Ricco Rodriguez Vs Tim Sylvia
Bj Penn Vs Caol Uno
Din Thomas Vs Matt Serra
Tank Abbott Vs Frank Mir 

__________________________________

My Predictions are
Ricco
Bj
Matt
Frank


----------



## J-kid (Jan 28, 2003)

I look forward to ufc 41 
You forgot the main fight i think 
Chuck lidel vs Tito Ortiz


----------



## J-kid (Jan 28, 2003)

I also am giving tank the benifit of the doubt,


----------



## ace (Jan 28, 2003)

When or if it is I Take Tito
His Striking Skills Shocked Alot of People
Including my Self.

But he is still A Good Wrestler & Geting better
With his Submisson Skills Trainingh with Ricco,Fabio & J sect.
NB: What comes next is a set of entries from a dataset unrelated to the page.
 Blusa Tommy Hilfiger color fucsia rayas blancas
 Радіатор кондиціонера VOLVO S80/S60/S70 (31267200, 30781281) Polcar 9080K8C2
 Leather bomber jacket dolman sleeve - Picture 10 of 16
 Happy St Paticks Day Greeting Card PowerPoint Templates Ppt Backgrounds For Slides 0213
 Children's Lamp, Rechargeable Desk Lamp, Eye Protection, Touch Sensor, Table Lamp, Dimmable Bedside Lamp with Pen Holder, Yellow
Chuck is on a hot ride rite now 
& there is no dout this will be an exciting Fight.

To bad These Fights are not under Early U.F.C. Ruels
Or even in Pride


----------



## Handsword (Feb 7, 2003)

when is this event?


----------



## JDenz (Feb 7, 2003)

Feb 20 somehing.  Tito and Chuck are a long way from signed so they probley wont fight for awhile.


----------



## Infight (Feb 27, 2003)

I dont know if it already happened, but i think these 2 strikes can promote an amazing fight.


----------



## ace (Feb 27, 2003)

> _Originally posted by Infight _
> *I dont know if it already happened, but i think these 2 strikes can promote an amazing fight. *




Agreed Silva is Verry Powerful As is Chuck
This Fight Would Be a Barn Burner.

If it happend I would Prefer to See it under Pride Rules.


----------



## JDenz (Feb 27, 2003)

It would probley be a great fight =-)


----------